Using the records below, copy exactly the part that opens with the line holding "Эмили Бронте (Emily Bronte)" and closes with the line holding "Botella de Antoine", minus the pictures.

## Material to process

== == ==

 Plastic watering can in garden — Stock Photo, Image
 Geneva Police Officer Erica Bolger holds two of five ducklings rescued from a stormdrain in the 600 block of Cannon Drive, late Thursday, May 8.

== == ==

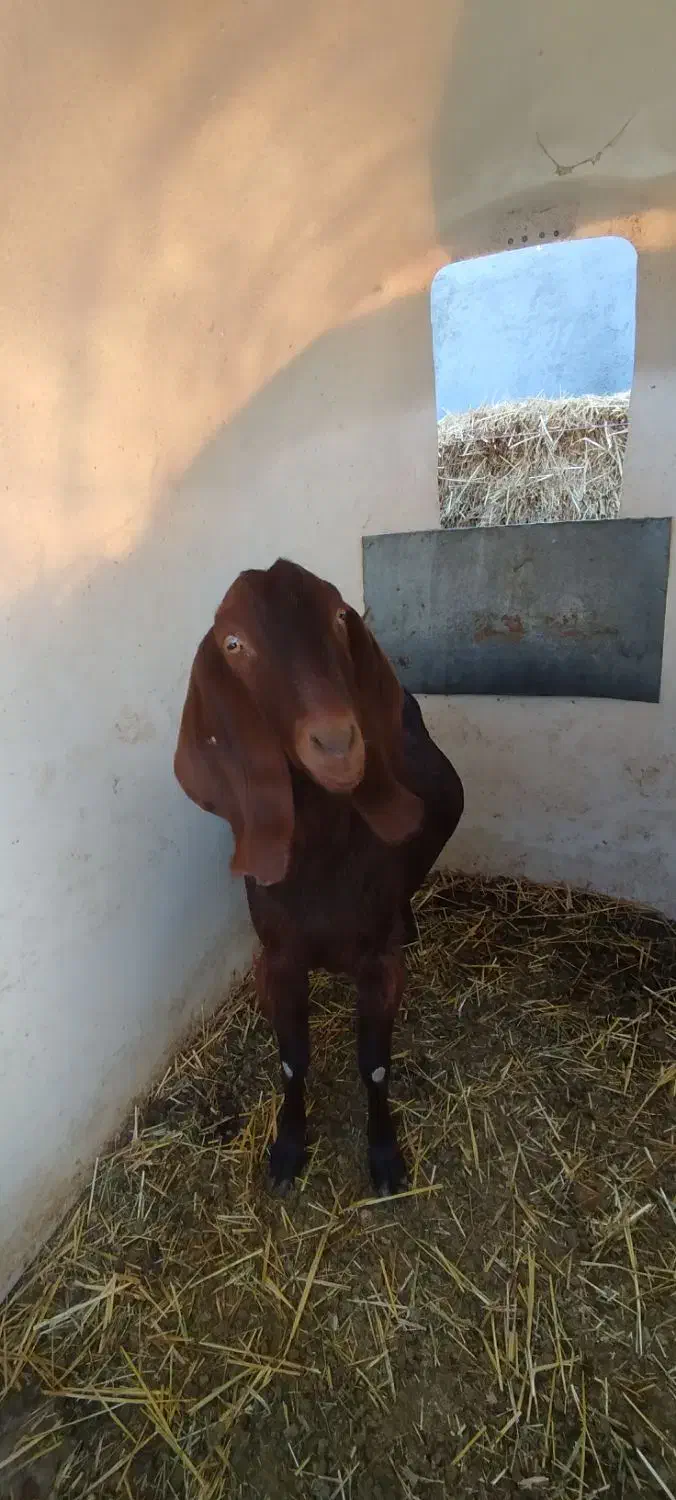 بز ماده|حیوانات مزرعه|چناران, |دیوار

== == ==

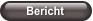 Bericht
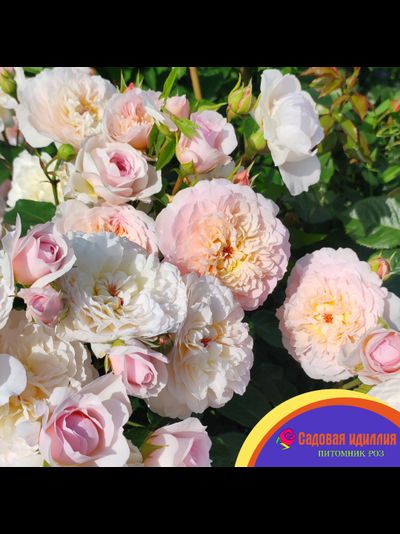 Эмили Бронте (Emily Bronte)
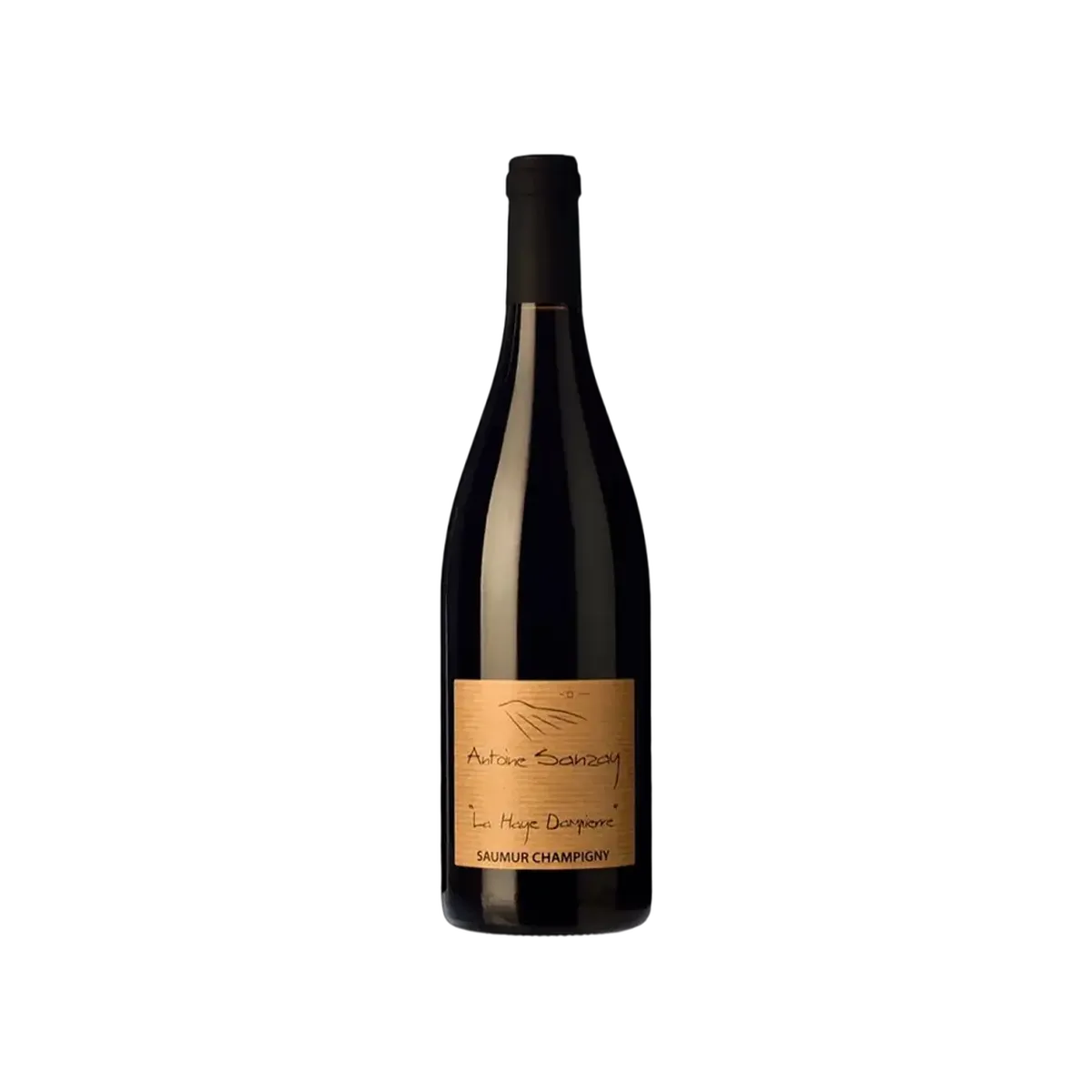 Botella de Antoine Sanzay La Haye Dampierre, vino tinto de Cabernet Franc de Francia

== == ==

## Result below
 Эмили Бронте (Emily Bronte)
 Botella de Antoine Sanzay La Haye Dampierre, vino tinto de Cabernet Franc de Francia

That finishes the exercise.